TASK —
Return the lines of the data below in which the string "Photo" occurs.

GIVEN DATA —
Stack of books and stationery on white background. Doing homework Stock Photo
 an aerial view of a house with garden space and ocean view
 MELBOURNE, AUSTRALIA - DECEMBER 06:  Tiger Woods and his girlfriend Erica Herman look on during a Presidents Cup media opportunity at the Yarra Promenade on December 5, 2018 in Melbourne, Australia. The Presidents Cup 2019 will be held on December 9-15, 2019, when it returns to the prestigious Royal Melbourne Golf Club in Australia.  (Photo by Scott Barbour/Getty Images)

SOLUTION FOR THIS TASK —
Stack of books and stationery on white background. Doing homework Stock Photo
 MELBOURNE, AUSTRALIA - DECEMBER 06:  Tiger Woods and his girlfriend Erica Herman look on during a Presidents Cup media opportunity at the Yarra Promenade on December 5, 2018 in Melbourne, Australia. The Presidents Cup 2019 will be held on December 9-15, 2019, when it returns to the prestigious Royal Melbourne Golf Club in Australia.  (Photo by Scott Barbour/Getty Images)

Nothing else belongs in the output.